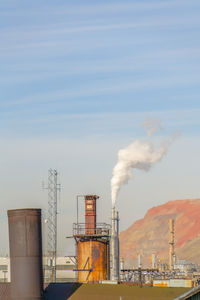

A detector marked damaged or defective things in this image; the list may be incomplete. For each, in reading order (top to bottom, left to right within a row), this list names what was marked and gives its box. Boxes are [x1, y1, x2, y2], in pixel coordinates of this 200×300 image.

rusty chimney stack [8, 209, 43, 300]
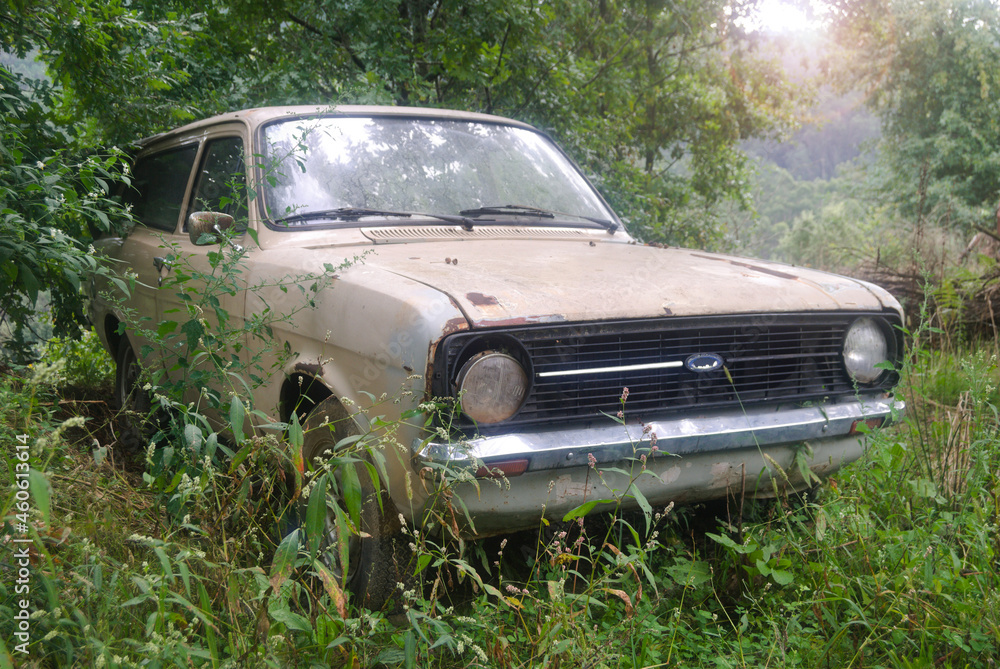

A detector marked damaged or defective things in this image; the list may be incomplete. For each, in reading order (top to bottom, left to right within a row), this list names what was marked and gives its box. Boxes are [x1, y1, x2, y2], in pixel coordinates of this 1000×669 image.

abandoned vintage car [92, 105, 908, 604]
rusty car body [92, 105, 908, 604]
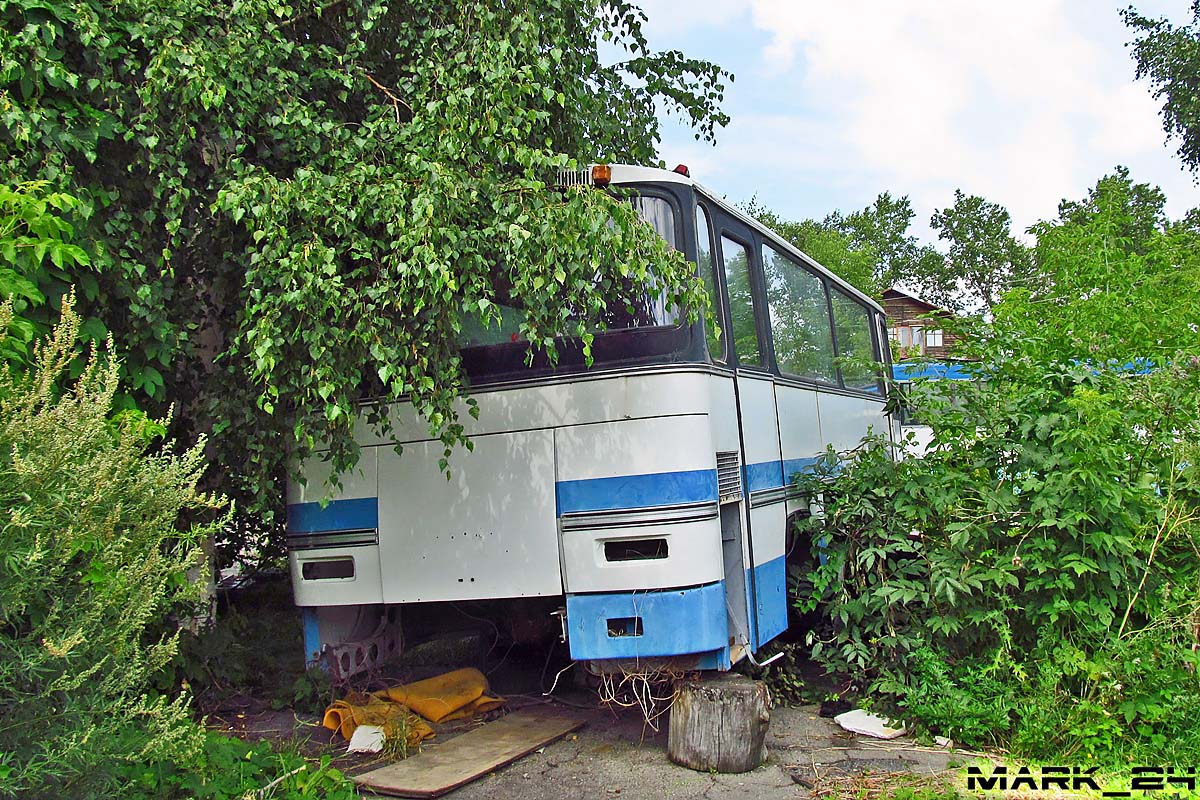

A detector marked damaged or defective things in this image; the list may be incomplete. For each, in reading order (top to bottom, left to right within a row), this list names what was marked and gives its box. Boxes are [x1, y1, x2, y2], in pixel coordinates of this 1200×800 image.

abandoned coach bus [286, 166, 896, 680]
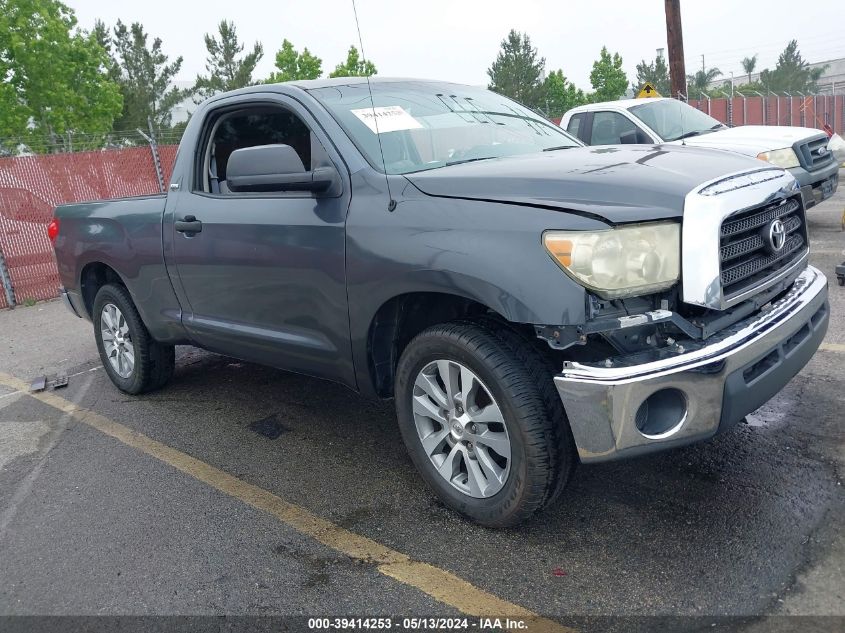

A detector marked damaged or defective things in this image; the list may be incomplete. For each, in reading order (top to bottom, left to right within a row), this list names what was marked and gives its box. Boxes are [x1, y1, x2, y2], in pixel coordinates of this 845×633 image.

exposed headlight housing [760, 147, 796, 169]
exposed headlight housing [548, 222, 680, 298]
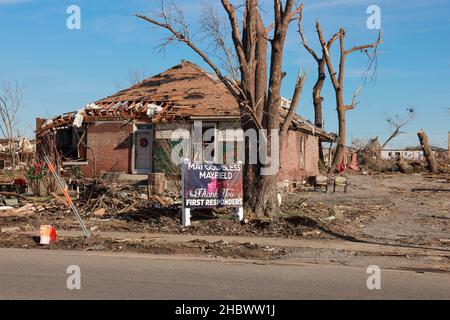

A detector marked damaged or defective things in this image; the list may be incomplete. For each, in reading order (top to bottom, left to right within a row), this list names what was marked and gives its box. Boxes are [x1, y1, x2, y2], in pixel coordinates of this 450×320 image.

damaged brick house [36, 61, 334, 184]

◆ **Your objective**: Only one span is to be repeated: the line with "this 450×320 image." through the final line of the entries above, word for word.

◆ **Reply to the task**:
A detector marked damaged or defective things in this image; the list may be incomplete. For each, in reading order (top to bottom, left to right within a row), this list names what was marked and gives its box. Boxes are [x1, y1, x2, y2], in pixel coordinates of this 450×320 image.

damaged brick house [36, 61, 334, 184]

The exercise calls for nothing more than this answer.